Usage="Usage: $(basename "$0") [Help: -h help] [Options: -k u r d b p c] [stdin:] <inputFile>
 ## Help:
  -h   help text (also: -help)
 ## Options: 
  -k nmdsDimensions (def: 4) specify number of dimensions, k, to retain during NMDS on Gower 
     distances
  -u unsuperGMM (def: 1) 0=no unsupervised GMM is carried out; 1=conduct unsupervised GMM 
     using 'Rmixmod' R package, for comparative or individual purposes
  -r rangeNumClusters (def: 0) optional numeric listing of a range, x:y, of the number of 
     clusters to be modeled over during unsupervised GMM in Rmixmod
  -d GMMDiscrim (def: 1) 0=(semi-)supervised, GMM-based discriminant analysis is not carried 
     out with 'mixmodelLearn' in Rmixmod; 1=conduct discriminant analysis
  -b beliefBasedMM (def: 0) 0=no mixture modeling is carried out using the 'bgmm' R package; 
     1=calls 'supervised' GMM analysis, 2=calls 'semisupervised' GMM analysis, 3=calls both 
     supervised and semisupervised analyses, 4=calls 'belief' GMM analysis, and 5=calls 
     'soft' GMM analysis in bgmm
  -p probsMatrix (def: probs.txt) specify matrix of plausibilities, or weights of the prior 
     probabilities for labeled observations, for bgmm; also sets belief matrix
  -c numComponents (specify number of components (e.g.

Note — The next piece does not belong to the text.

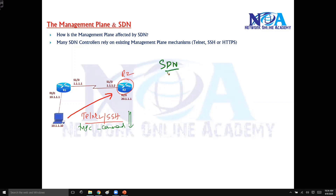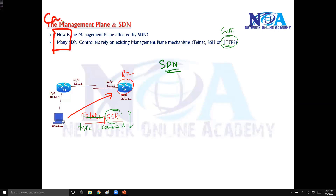Now with SDN we almost do the same thing. We are not going to replace Telnet or SSH — we use SSH majorly, or if you're using a GUI then probably HTTP or HTTPS. We do the same thing here, but the only difference is that now in our network we have a controller. In previous topics we already discussed the job of a controller.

Gaussian components) or 'clusters' 
     to assign individuals to during regular GMM (single value, rather than a range; see -r 
     above or bgmm modeling)
 ## Input:
  Input file: Script expects as <inputFile> a single plain-text data table with a header and 
  several columns of information followed by columns containing single-type or mixed data
  (e.g. categorical, discrete, or continuous data for different morphological characters 
  measured) for the sample. The first column will be named 'samples' and typically contain 
  sample IDs/codes for each individual (preferably with a species-specific abbreviation 
  followed by a museum voucher number or individual code). The second column is headed as 
  'type' and specifies whether each individual ID is 'known' or 'unknown'. The third column 
  contains labels (e.g. four-letter codes) for each known individual (e.g. by species), and
  'NA' values for samples of unknown type, assigning individuals to species. The example 
  input file contains a header with four-letter codes for each datacolumn, but users can 
  make the names a little longer if needed.
 CITATION
 Bagley, J.C. 2017. GaussClust v0.1.1. GitHub package, Available at: 
	<http://github.com/justincbagley/GaussClust>.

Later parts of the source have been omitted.